# Trypema Rate Limiter
## Name and Biblical Inspiration
The name **Trypema** is derived from the Koine Greek word **"τρυπήματος"** (_trypematos_),
meaning "hole" or "opening." It appears in the phrase **"διὰ τρυπήματος ῥαφίδος"**
("through the eye of a needle"), spoken by Jesus in three of the four Gospels:
- **Matthew 19:24** — _"Again I tell you, it is easier for a camel to go through the eye of a
needle than for someone who is rich to enter the kingdom of God."_
- **Mark 10:25** — _"It is easier for a camel to go through the eye of a needle than for someone
who is rich to enter the kingdom of God."_
- **Luke 18:25** — _"Indeed, it is easier for a camel to go through the eye of a needle than for
someone who is rich to enter the kingdom of God."_
Just as the eye of a needle is a narrow passage that restricts what can pass through,
a rate limiter is a narrow gate that controls the flow of requests into a system.
## Overview
Trypema provides sliding-window rate limiting with two strategies across three providers:
- **Local** for single-process, in-memory limiting
- **Redis** for best-effort distributed limiting with one Redis round-trip per call
- **Hybrid** for best-effort distributed limiting with a local fast path and periodic Redis sync
Each provider offers:
- **Absolute** for deterministic allow/reject decisions
- **Suppressed** for probabilistic degradation near or above the target rate
## Choosing a Provider
| **Local** | single-process services, jobs, CLIs | state is not shared across processes |
| **Redis** | strictest distributed coordination this crate offers | every check performs Redis I/O |
| **Hybrid** | high-throughput distributed paths | decisions may lag behind Redis by `sync_interval_ms` |
## Installation
Local-only usage:
```toml
[dependencies]
trypema = "1"
```
Redis-backed usage with Tokio:
```toml
[dependencies]
trypema = { version = "1", features = ["redis-tokio"] }
```
Redis-backed usage with Smol:
```toml
[dependencies]
trypema = { version = "1", features = ["redis-smol"] }
```
Redis and hybrid providers require:
- Redis 7.2+
- exactly one runtime feature: `redis-tokio` or `redis-smol`
## Quick Start
### Common Types
[`RateLimit`](crate::RateLimit) is the per-second limit value used by all providers.

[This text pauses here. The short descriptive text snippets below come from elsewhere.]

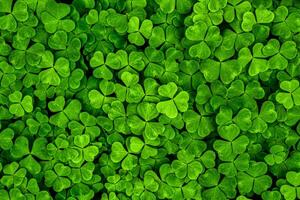 Background with green clover leaves for Saint Patrick's day. Shamrock as a symbol of fortune. photo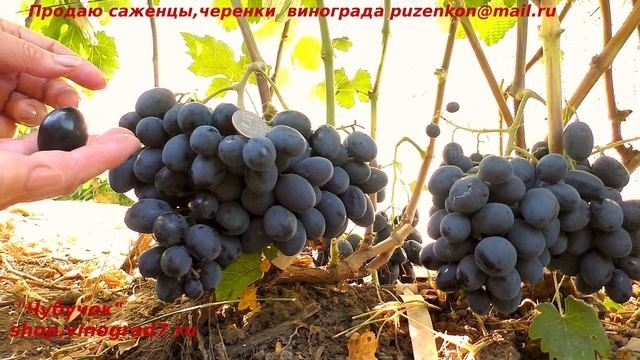 Виноград ШАРАДА UA - ранний срок созревания, крупные грозди и ягоды с приятным фруктовым вкусом смотреть онлайн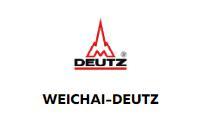 DLLA152S295-1, Распылитель Weichai-Deutz TD226B-6G (ровное)
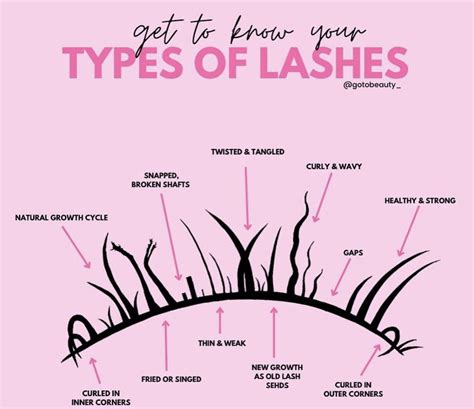 Lash Tips Quotes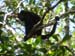 Howler Monkey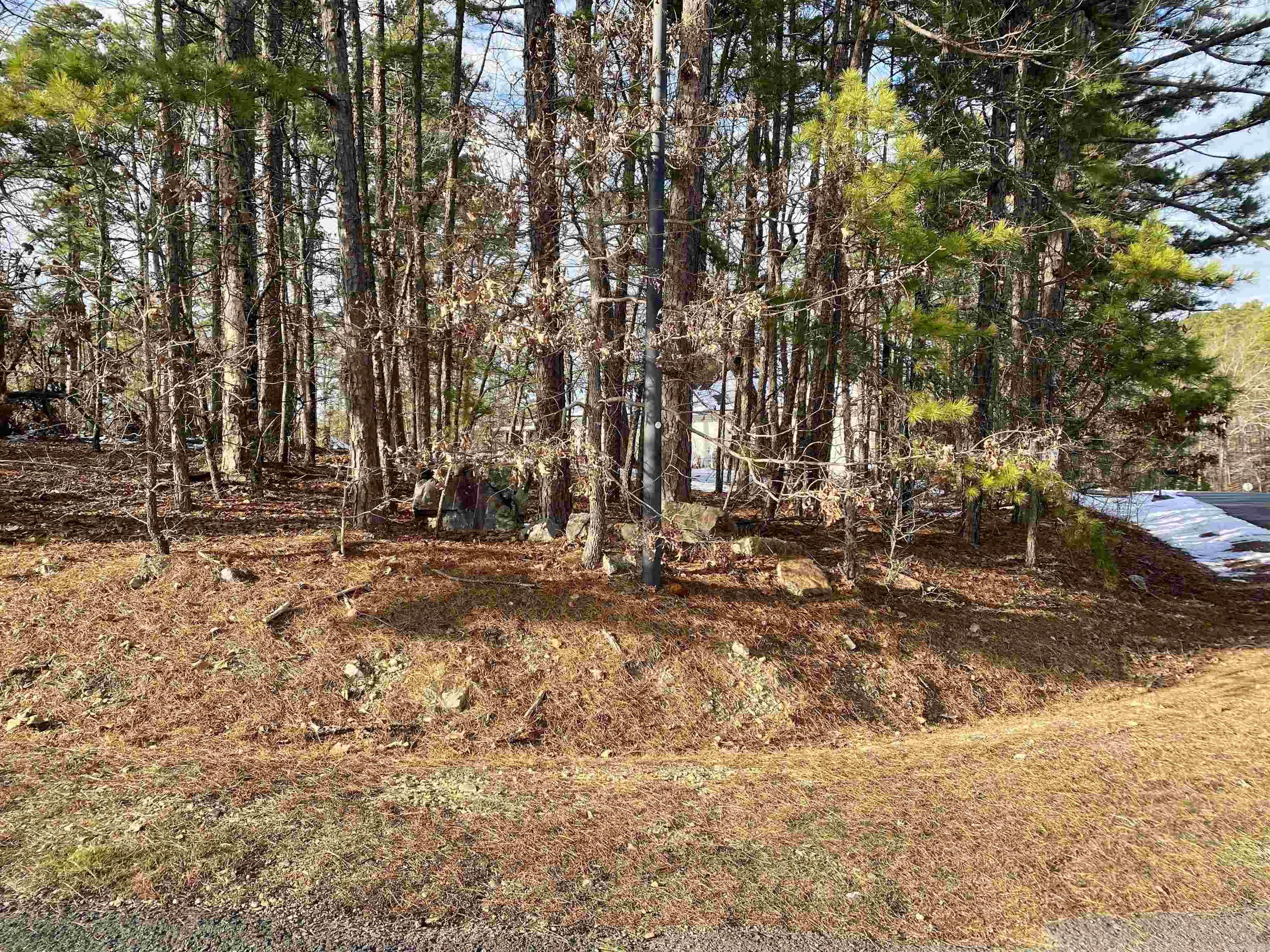 Nice level lot on corner of Hanares Lane and Coronado Lane. Flat and easy to build on. Save some money on construction costs with a slab. Great neighborhood to walk around and see some views of Lake Coronado. New Member Buy-in Fee due at closing.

`RedisKey` is the validated key type required by the Redis and hybrid providers when those
features are enabled.
[`RateLimitDecision`](crate::RateLimitDecision) is the result returned by methods such as
[`AbsoluteLocalRateLimiter::inc`](crate::AbsoluteLocalRateLimiter::inc) and
[`AbsoluteLocalRateLimiter::is_allowed`](crate::AbsoluteLocalRateLimiter::is_allowed), and
[`RateLimiter`](crate::RateLimiter) is the top-level entry point used throughout the examples.
```rust
use trypema::RateLimit;
# #[cfg(any(feature = "redis-tokio", feature = "redis-smol"))]
use trypema::redis::RedisKey;
let _rate_a = RateLimit::new(5.0).unwrap();
let _rate_b = RateLimit::try_from(5.0).unwrap();
let _rate_c = RateLimit::new_or_panic(5.0);
# #[cfg(any(feature = "redis-tokio", feature = "redis-smol"))]
# {
let _key_a = RedisKey::new("user_123".to_string()).unwrap();
let _key_b = RedisKey::try_from("user_123".to_string()).unwrap();
let _key_c = RedisKey::new_or_panic("user_123".to_string());
# }
```
### Create a [`RateLimiter`](crate::RateLimiter)
[`RateLimiterBuilder`](crate::RateLimiterBuilder) is the fluent setup type behind
[`RateLimiter::builder`](crate::RateLimiter::builder). Without Redis features you can start from
`RateLimiterBuilder::default()` or [`RateLimiter::builder`](crate::RateLimiter::builder). With
`redis-tokio` or `redis-smol`, use [`RateLimiter::builder`](crate::RateLimiter::builder) with a
`connection_manager`, because the builder needs Redis connectivity up front.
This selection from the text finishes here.